**What to do**
Please reproduce the data exactly, excluding any pictures it contains.

**Exercise data**
..........
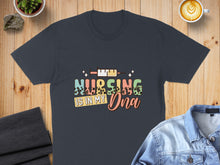 Load image into Gallery viewer, Dark gray t-shirt with "Nursing is in my DNA" text and colorful medical graphic.
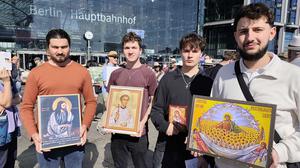 Eine Gruppe von Männern ist mit verschiedenen christlichen Bildnissen auf der Abtreibungsdemo.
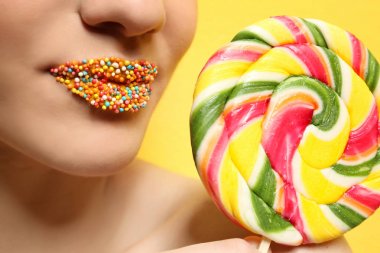 Dudaklar yakınındaki lolipop tutan güzel genç kadın 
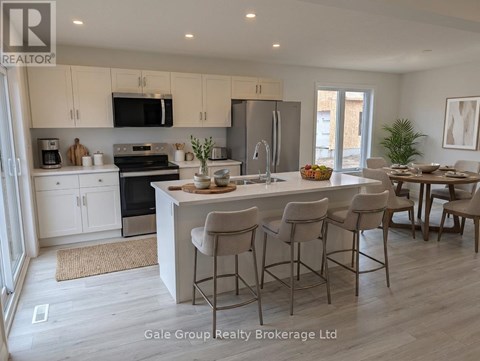 A modern kitchen with white cabinets and a central island.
..........
**Exercise solution**
 Load image into Gallery viewer, Dark gray t-shirt with "Nursing is in my DNA" text and colorful medical graphic.
 Eine Gruppe von Männern ist mit verschiedenen christlichen Bildnissen auf der Abtreibungsdemo.
 Dudaklar yakınındaki lolipop tutan güzel genç kadın 
 A modern kitchen with white cabinets and a central island.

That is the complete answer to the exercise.